Doors closing. Please stand clear. … L18
L18 – I think this is a very clever three-way closure – closure in the train announcement, closure in what she is saying in her mind-dialogue (L13), and closure to the poem.

Melinda Smith 2013


I love the duality of the interplay between a passenger waiting for a train and the station announcements on the train service. And who has not been in a similar situation. Expecting a train to arrive on time only to be thwarted by continual delay. Well, what do you do while you are waiting … talk with others, go for coffee, look at the station Ads, play with your mobile or just stand in thought … and what you think at the time may not always be poetic if annoyed at having to wait!

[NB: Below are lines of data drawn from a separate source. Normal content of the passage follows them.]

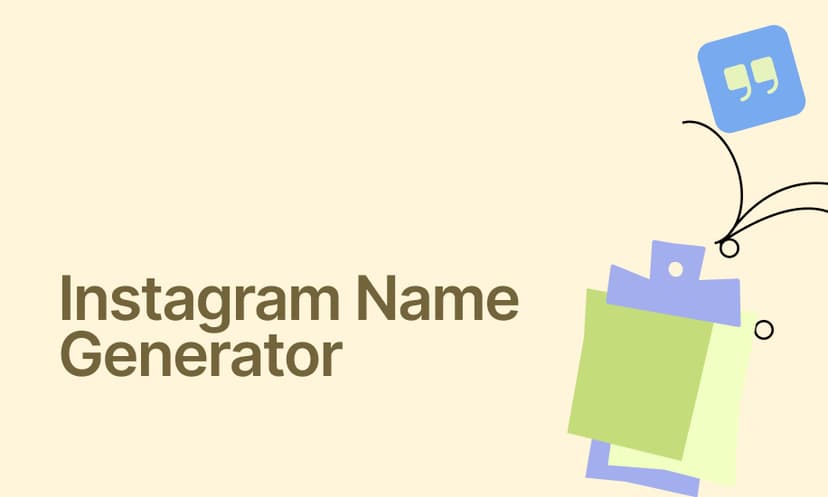 Instagram Name Generator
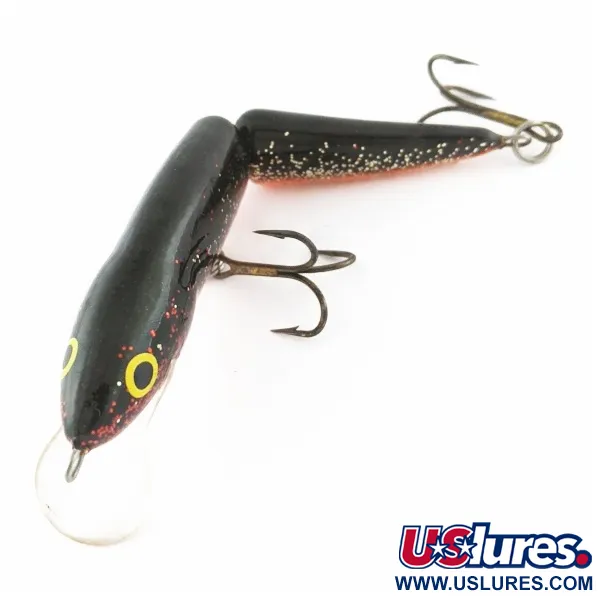 Vintage   Salmo Whitefish WF18  Custom Painted , 3/5oz black/red glitter fishing lure #24363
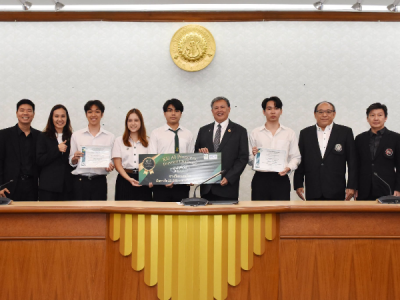 ร่วมแสดงความยินดีกับนิสิต มก. ที่ได้รับรางวัล โครงการประกวดผลงาน ”ผู้กล้าท้า AI” สำหรับนิสิต มก.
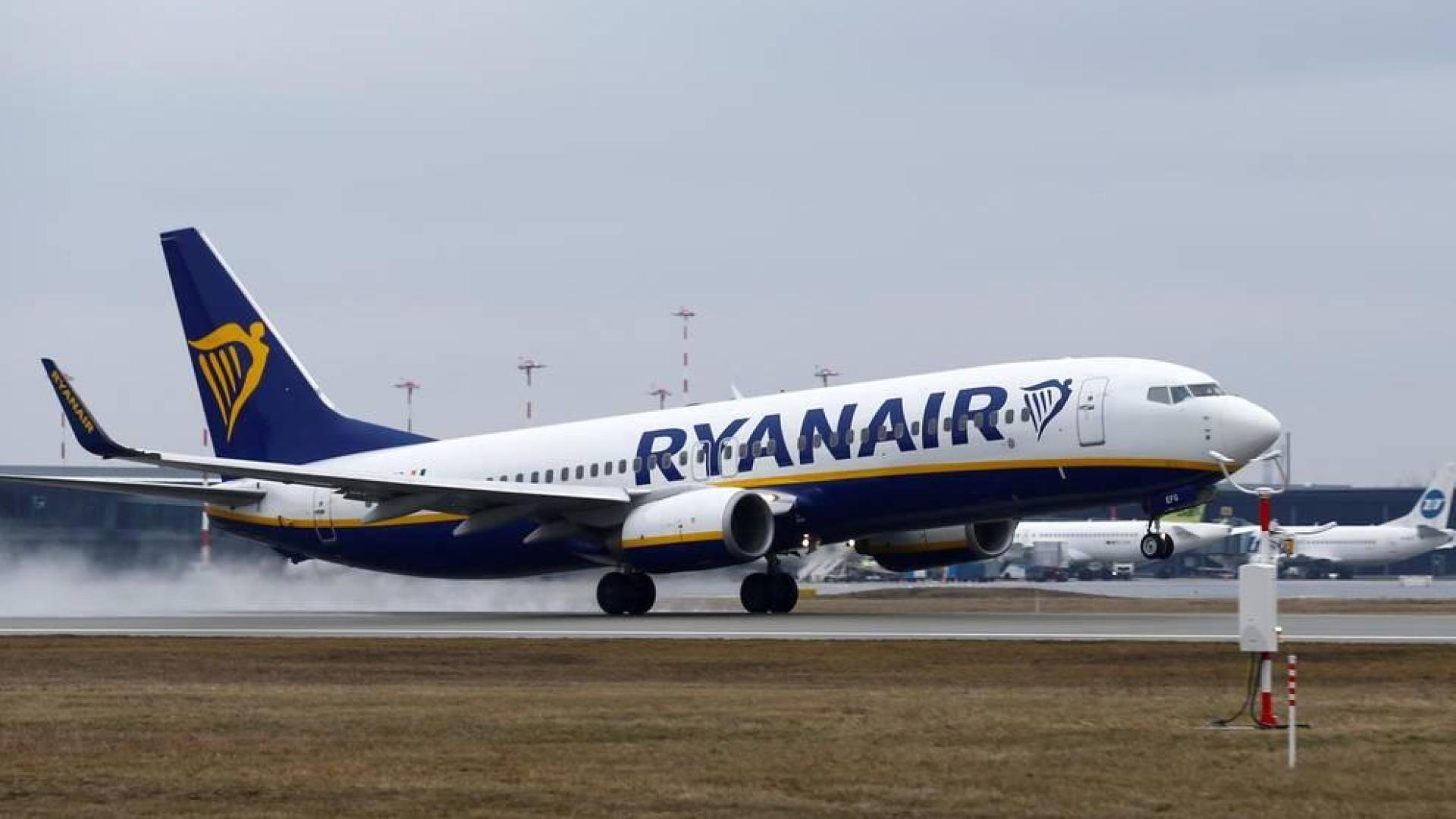 Foto genérica de un avión de Ryanair
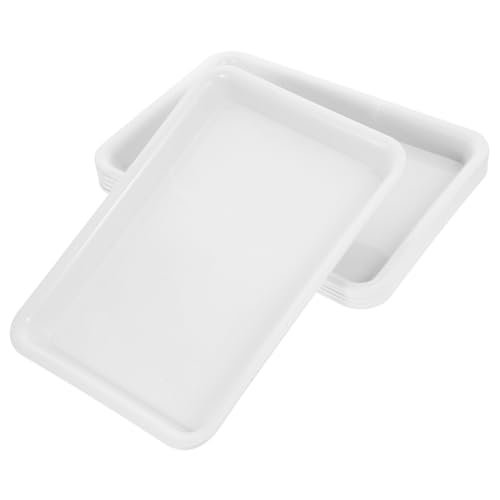 VINTORKY 6 Stück Teiliges Rechteckiges Pflanzenschalen Strapazierfähigem Kunststoff rutschfeste Blumentopf untersetzer für Bonsai und Tisch wasserdichte Pflanzschale zur Wasserauffangung von VINTORKY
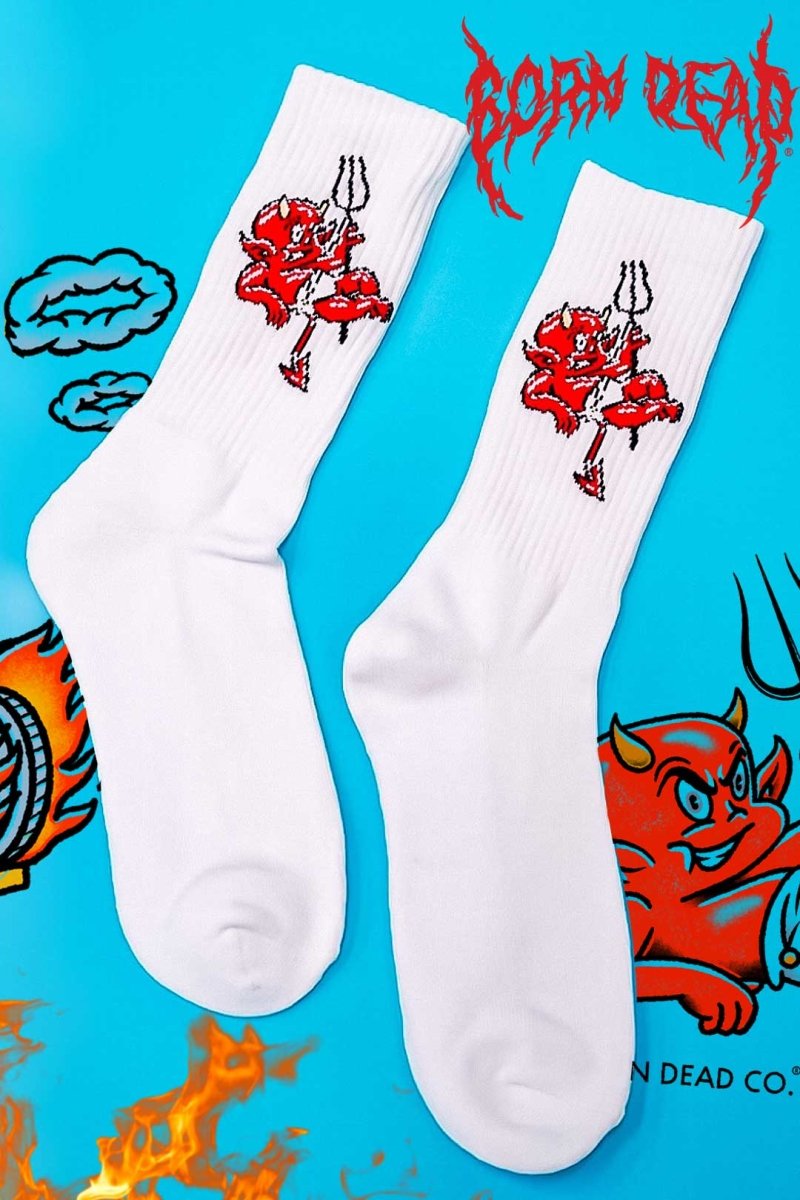 Hot Stuff Devil Socks Tattoo Inspired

In the publication there are gaps of blank lines between lines. I think this is intentional to highlight the waiting situation experienced on the station. In other poems of this nature it is common to differentiate voices using italics or changes in font. By not doing this it adds to the mystery of the station environment and it leaves the poem open to different interpretation. The last line also adds some mystery in that we don’t actually know if this is her train and she is about to enter. But does this really matter? A good poem should always make the reader think.

In that regard others that have reviewed this poem have commented that the poem is a ‘memento mori’  poem – a reminder of death and mortality ‘Passengers are reminded’. Life being a journey. And that we try to fill our mind with other things to avoid thinking about death. This is the reason there are lines with incidental ‘noise’ and why the penultimate line is ‘my mind is still not full enough’ – seeing the waiting woman as one who does not want to think about death and the death of the person. But the final line makes it clear that there is no avoiding the inevitable separation – with every death the doors close and the rest of us just have to stand clear.

I must admit I had not thought of the poem in that light concentrating my focus on her need to be at the funeral and perhaps not being able to say her final good-bye in the company with friends.  But taking this direction it is certainly not her actual train that is moving off and the woman continues to wait – whether or not thinking of her own mortality in the meantime.

A wonderful thought provoking poem to include as the first poem in Melinda’s book.